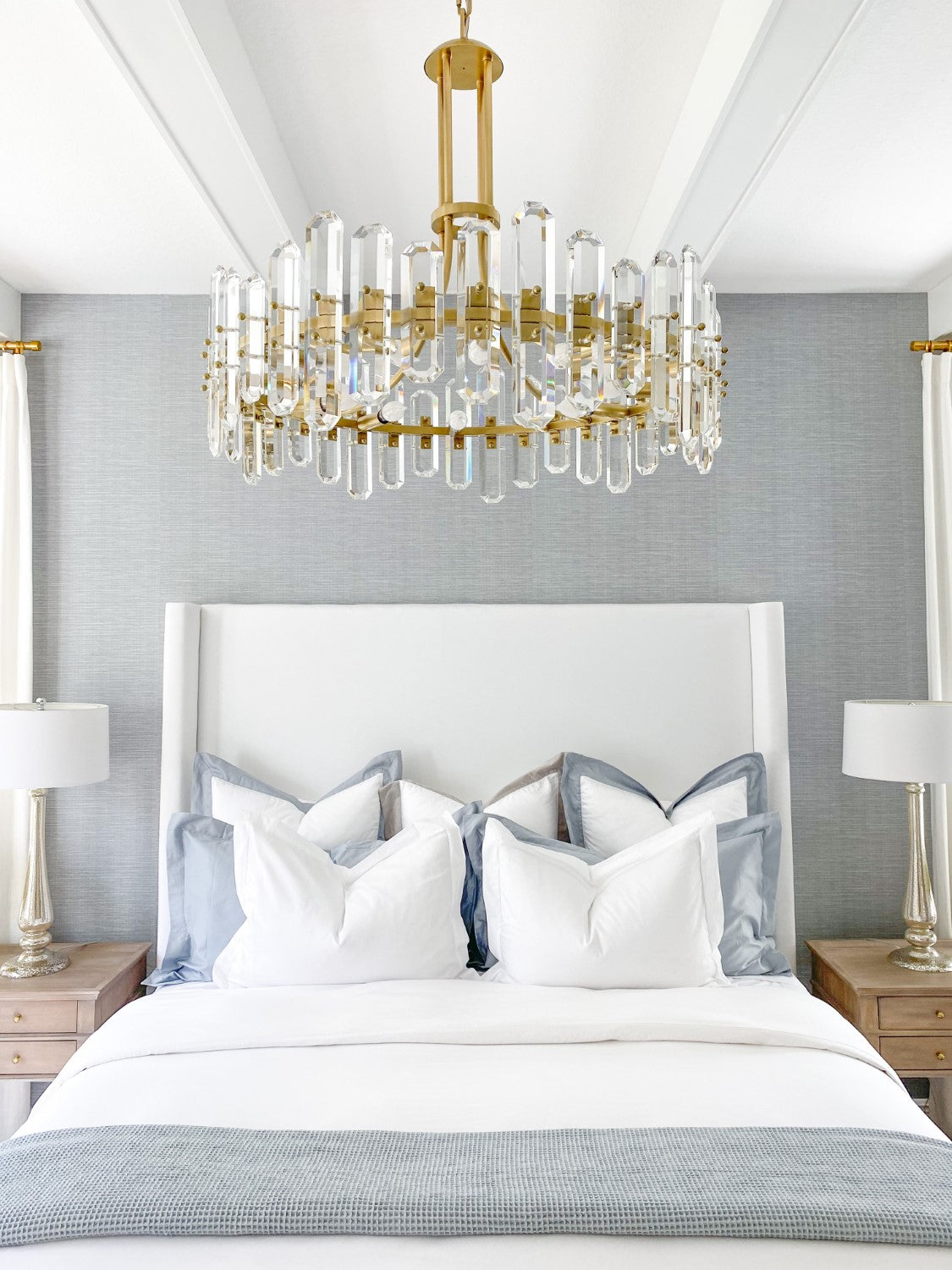 Crystorama BOL-8889 Bolton 12 Light Chandelier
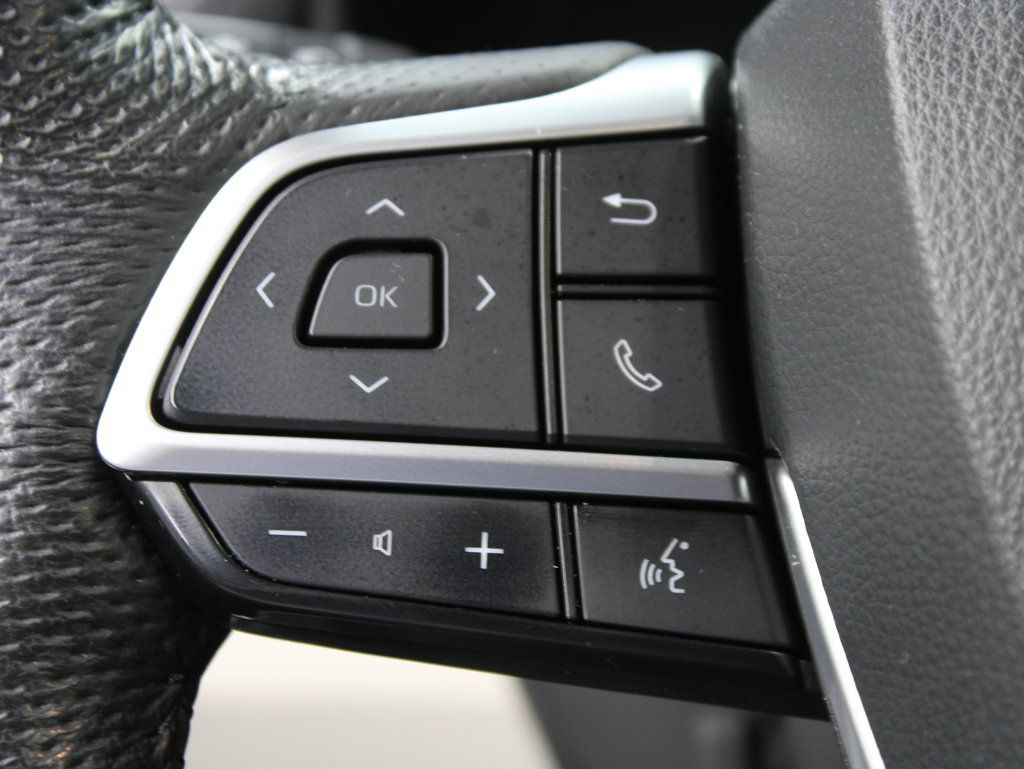 Used 2024 Toyota Sienna Limited AWD/4WD image 59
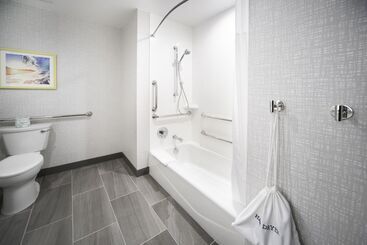 هتل Hampton Inn & Suites Santa Maria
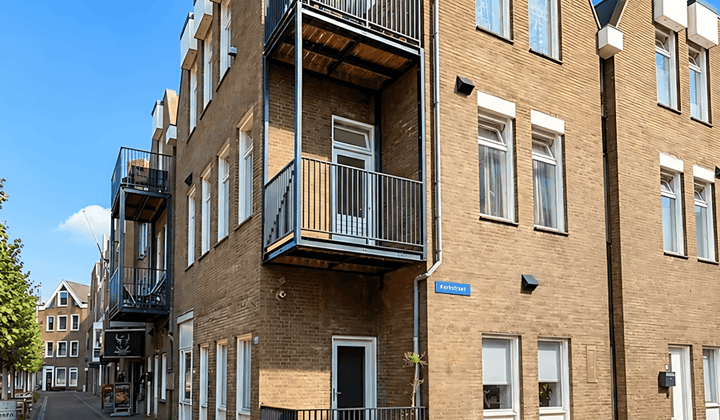 Kamer | 85m² | €1104,-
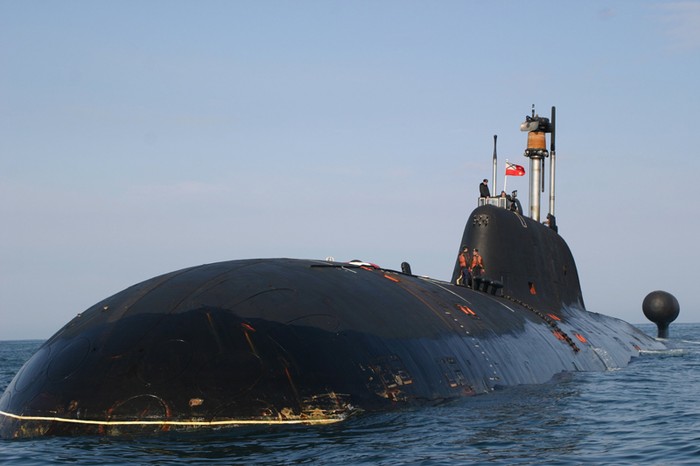 Từ năm 1983 đến nay, có 25 tàu ngầm thuộc dự án 971 được lên kế hoạch xây dựng, trong đó 13 chiếc được đóng tại xưởng đóng tàu Đoàn thanh niên cộng sản Lenin (số 199) ở Komsomolsk-on-Amur và 12 chiếc tại xưởng đóng tàu miền Bắc (số 402) ở Severodvinsk.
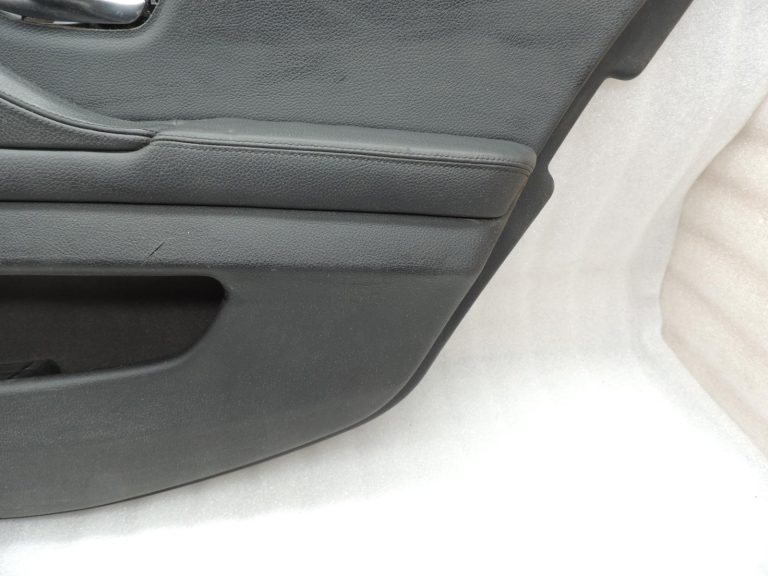 Oriģinālā BMW 5. sērijas F10 F11 aizmugurējā labā durvju paneļa durvju apdare BLACK LCSW 7273280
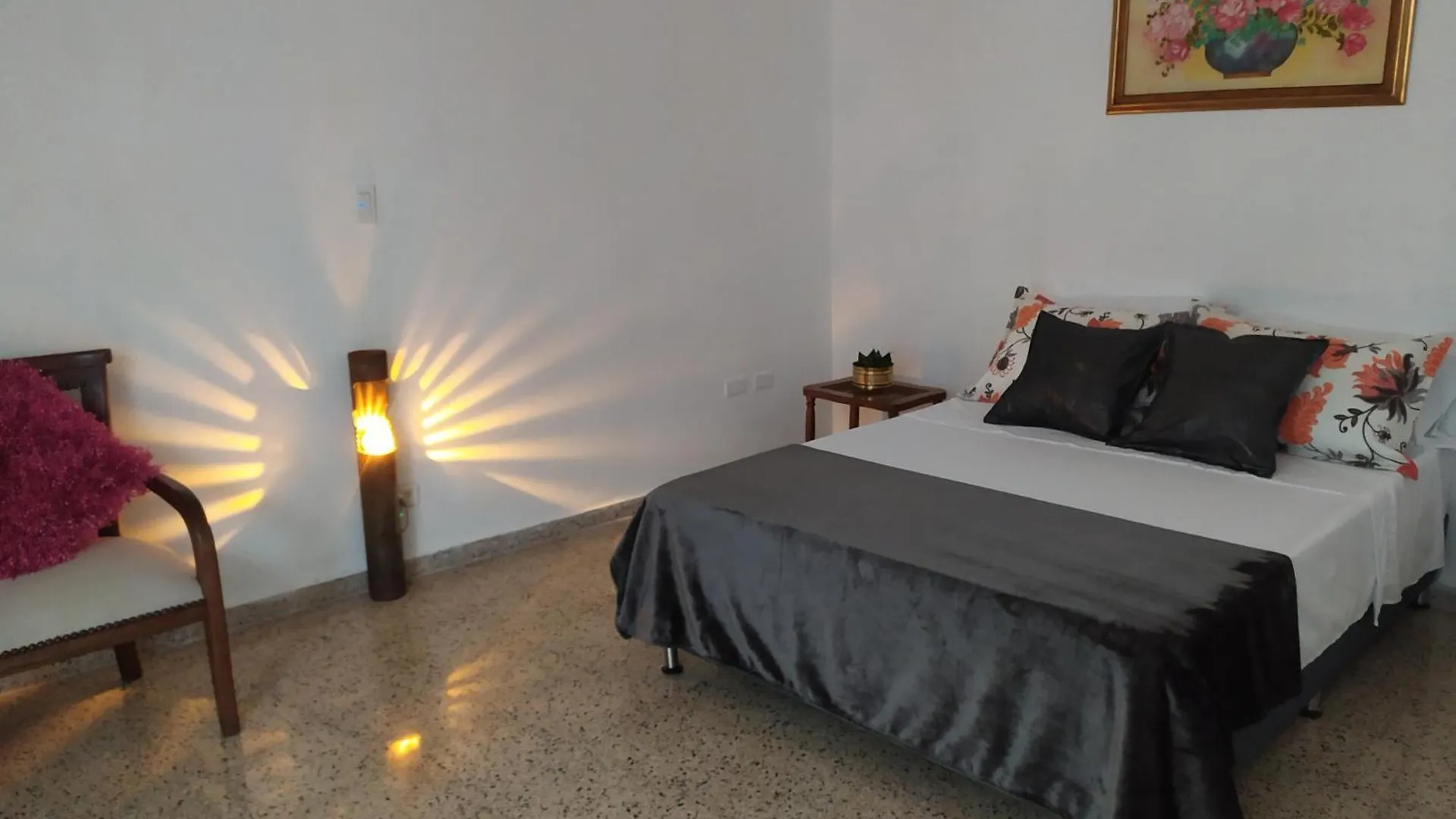 Casa En Laureles Ideal Para Familias Medellin 0*,  Colombia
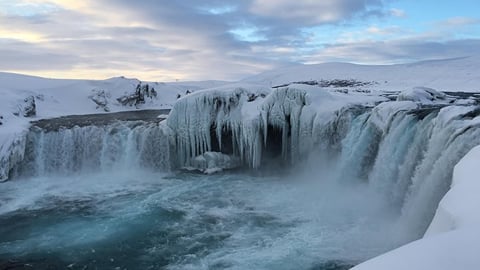 Lake Mývatn in winter: what runs and what doesn't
● ● ●
BRIEF -
Leaving out each picture, repeat exactly the lines above from the one that contains "هتل Hampton Inn & Suites Santa Maria" through the one that contains "Oriģinālā BMW 5.".

RESPONSE TO THE EXERCISE -
 هتل Hampton Inn & Suites Santa Maria
 Kamer | 85m² | €1104,-
 Từ năm 1983 đến nay, có 25 tàu ngầm thuộc dự án 971 được lên kế hoạch xây dựng, trong đó 13 chiếc được đóng tại xưởng đóng tàu Đoàn thanh niên cộng sản Lenin (số 199) ở Komsomolsk-on-Amur và 12 chiếc tại xưởng đóng tàu miền Bắc (số 402) ở Severodvinsk.
 Oriģinālā BMW 5. sērijas F10 F11 aizmugurējā labā durvju paneļa durvju apdare BLACK LCSW 7273280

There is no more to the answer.